How to complete this task>
The data below should be transcribed in full, with no picture included.

Web page caption snippets
++++
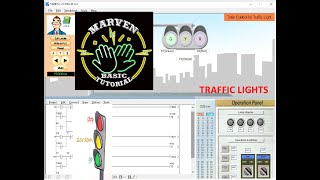 Part 1(Traffic lights )using Fx simulator (Mitsubishi)(basic simulation)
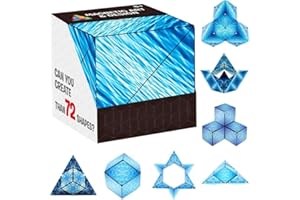The Shape Shifting Box Puzzle Box STEM/STEAM 3D Cube Box Fidget Toy Transforms Into Over 70 Shapes Anti-Stress Puzzles,Brain-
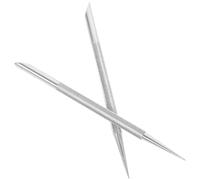 GALPADA Outil Repousse-cuticules Inox 2 Pièces Double Tête pour Soin Manucure, Grattoir Vernis Semi-permanent, Dissolvant Vernis Ongles, Accessoire Professionnel Nettoyage Cuticules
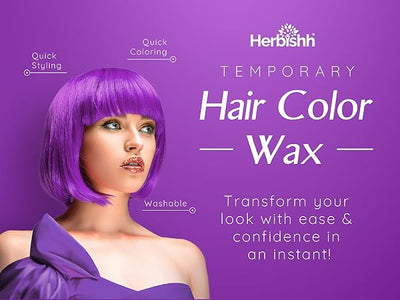 Herbishh Koloret Temporary Hair Color Wax -Purple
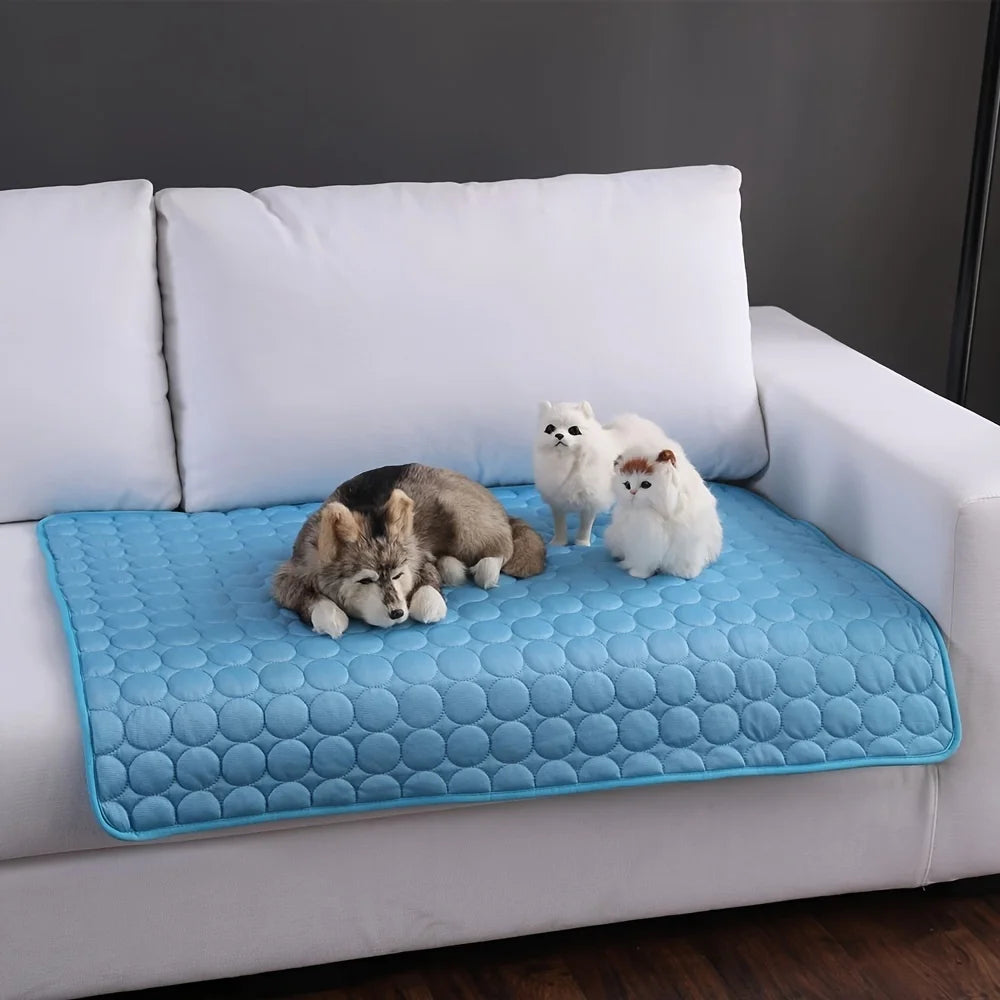 Tapis rafraîchissant pour chien et chat - Matelas fraîcheur été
++++
Answer to the problem>
 Part 1(Traffic lights )using Fx simulator (Mitsubishi)(basic simulation)
The Shape Shifting Box Puzzle Box STEM/STEAM 3D Cube Box Fidget Toy Transforms Into Over 70 Shapes Anti-Stress Puzzles,Brain-
 GALPADA Outil Repousse-cuticules Inox 2 Pièces Double Tête pour Soin Manucure, Grattoir Vernis Semi-permanent, Dissolvant Vernis Ongles, Accessoire Professionnel Nettoyage Cuticules
 Herbishh Koloret Temporary Hair Color Wax -Purple
 Tapis rafraîchissant pour chien et chat - Matelas fraîcheur été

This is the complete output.